Prölß ist eine von insgesamt acht Personen, die sich seit dem Oktober 2013 mit derartigen Fällen systematisch befassen. Beteiligt an dem Projekt sind vier Forscher, drei Historiker und eine Juristin. Gefördert wird das bis in den nächsten Herbst laufende Vorhaben zur Hälfte von der in Berlin ansässigen Arbeitsstelle für Provenienzrecherche. Die Beteiligten hoffen natürlich auf eine Verlängerung, neu ist ihnen das Fachgebiet der NS-Raubkunst aber nicht. Schon länger beschäftigt sich die Stiftung mit der Herkunftsforschung von verschiedenen Kunstgegenständen. Allerdings geschah das bis zur Einrichtung des Projekts nur punktuell. Die systematische Recherche ist erst seit 2009 möglich.

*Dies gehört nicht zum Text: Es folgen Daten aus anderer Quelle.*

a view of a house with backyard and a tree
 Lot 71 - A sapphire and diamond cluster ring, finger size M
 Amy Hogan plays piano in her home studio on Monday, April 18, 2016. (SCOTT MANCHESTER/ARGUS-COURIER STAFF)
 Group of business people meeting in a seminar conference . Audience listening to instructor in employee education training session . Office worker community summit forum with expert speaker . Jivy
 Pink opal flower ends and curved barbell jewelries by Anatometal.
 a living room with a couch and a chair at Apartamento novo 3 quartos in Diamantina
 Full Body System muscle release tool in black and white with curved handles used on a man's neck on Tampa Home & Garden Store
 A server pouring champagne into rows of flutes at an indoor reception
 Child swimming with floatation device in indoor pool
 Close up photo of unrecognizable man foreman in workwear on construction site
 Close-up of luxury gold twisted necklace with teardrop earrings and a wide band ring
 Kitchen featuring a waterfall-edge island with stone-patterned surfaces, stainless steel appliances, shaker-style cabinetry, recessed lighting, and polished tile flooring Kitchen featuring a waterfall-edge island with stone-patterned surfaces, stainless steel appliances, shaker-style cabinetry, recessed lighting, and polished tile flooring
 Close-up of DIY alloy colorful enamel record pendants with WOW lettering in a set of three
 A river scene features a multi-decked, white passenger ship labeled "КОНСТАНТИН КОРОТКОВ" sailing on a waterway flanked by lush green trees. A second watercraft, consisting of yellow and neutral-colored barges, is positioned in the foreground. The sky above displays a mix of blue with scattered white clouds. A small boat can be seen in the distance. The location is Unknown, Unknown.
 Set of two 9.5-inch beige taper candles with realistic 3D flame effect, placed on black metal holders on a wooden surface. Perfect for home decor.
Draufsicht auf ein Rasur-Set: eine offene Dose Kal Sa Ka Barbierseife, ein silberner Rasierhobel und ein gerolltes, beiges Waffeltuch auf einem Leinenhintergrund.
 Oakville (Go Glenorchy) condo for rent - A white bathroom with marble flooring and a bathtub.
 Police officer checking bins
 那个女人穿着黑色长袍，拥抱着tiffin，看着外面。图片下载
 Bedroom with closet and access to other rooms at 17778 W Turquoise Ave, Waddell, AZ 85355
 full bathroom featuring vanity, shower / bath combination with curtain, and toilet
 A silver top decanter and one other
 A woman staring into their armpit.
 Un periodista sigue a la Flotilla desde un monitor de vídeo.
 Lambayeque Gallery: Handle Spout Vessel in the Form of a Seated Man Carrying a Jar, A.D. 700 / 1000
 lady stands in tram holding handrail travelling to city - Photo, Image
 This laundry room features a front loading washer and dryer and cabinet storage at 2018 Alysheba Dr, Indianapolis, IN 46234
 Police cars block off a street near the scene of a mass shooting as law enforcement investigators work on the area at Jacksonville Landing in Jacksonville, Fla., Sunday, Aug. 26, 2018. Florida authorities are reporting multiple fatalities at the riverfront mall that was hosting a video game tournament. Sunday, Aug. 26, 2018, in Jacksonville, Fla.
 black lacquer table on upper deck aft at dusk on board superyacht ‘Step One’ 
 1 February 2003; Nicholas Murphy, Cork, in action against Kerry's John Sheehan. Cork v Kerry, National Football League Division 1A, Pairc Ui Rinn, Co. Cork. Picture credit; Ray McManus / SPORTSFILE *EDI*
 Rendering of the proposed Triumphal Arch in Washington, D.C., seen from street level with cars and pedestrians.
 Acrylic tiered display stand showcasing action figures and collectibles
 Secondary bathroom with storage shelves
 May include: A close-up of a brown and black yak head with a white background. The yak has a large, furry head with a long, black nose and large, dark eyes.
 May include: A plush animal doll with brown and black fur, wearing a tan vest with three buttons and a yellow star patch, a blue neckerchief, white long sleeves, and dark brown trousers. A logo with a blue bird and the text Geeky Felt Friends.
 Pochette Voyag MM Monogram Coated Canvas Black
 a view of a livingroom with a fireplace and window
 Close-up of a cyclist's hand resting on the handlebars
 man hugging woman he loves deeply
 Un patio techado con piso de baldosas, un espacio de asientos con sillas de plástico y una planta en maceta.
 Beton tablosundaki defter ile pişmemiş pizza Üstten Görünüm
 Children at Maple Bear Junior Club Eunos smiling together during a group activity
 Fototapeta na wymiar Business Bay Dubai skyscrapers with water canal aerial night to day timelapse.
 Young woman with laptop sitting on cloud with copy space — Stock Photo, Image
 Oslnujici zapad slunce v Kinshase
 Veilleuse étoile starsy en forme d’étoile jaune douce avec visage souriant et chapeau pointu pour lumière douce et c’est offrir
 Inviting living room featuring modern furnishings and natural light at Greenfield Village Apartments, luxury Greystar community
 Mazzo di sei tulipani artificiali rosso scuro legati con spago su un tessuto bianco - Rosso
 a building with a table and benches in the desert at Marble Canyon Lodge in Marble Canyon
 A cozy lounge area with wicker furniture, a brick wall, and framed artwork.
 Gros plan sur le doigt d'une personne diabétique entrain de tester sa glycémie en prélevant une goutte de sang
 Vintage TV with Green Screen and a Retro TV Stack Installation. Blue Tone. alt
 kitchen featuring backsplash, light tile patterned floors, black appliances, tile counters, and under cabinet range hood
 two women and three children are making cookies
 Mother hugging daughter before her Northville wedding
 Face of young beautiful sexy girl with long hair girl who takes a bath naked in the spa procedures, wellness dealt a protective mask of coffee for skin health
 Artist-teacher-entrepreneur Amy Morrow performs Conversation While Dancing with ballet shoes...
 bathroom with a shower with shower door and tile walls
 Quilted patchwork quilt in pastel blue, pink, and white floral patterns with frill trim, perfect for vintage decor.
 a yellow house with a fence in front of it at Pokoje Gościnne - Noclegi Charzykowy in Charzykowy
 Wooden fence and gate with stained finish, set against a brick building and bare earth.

Ab 2010 gab es ein erstes Förderprojekt. Historiker Rüdiger Haufe sorgte damals für einen genaueren Überblick über die Materie. Mit Hilfe von Rechnungen, Korrespondenzen, Zugangsbüchern und Inventarlisten fand er heraus, dass bei rund 20 Prozent dessen, was der Stiftung aus den Jahren von 1933 bis 1945 zugegangen war, der Verdacht auf NS-Raubkunst bestand. Bei der altehrwürdigen Anna-Amalia-Bibliothek ist der Anteil gar noch höher: Von den im vorgenannten Zeitraum getätigten 35.000 Buchankäufen besteht bei 10.000 Vorgängen Raubkunstverdacht. Derzeit werden die Käufe bis 1939 von den Stiftungsmitarbeitern untersucht. Dementsprechend wird es auch in der Zukunft noch genug zu tun geben.

Ein weiterer wichtiger Schritt wurde mit der Gründung des Internationalen Arbeitskreises Provenienzforschung getan, der am 23. und 24. April mit 100 Teilnehmern in Weimar tagte.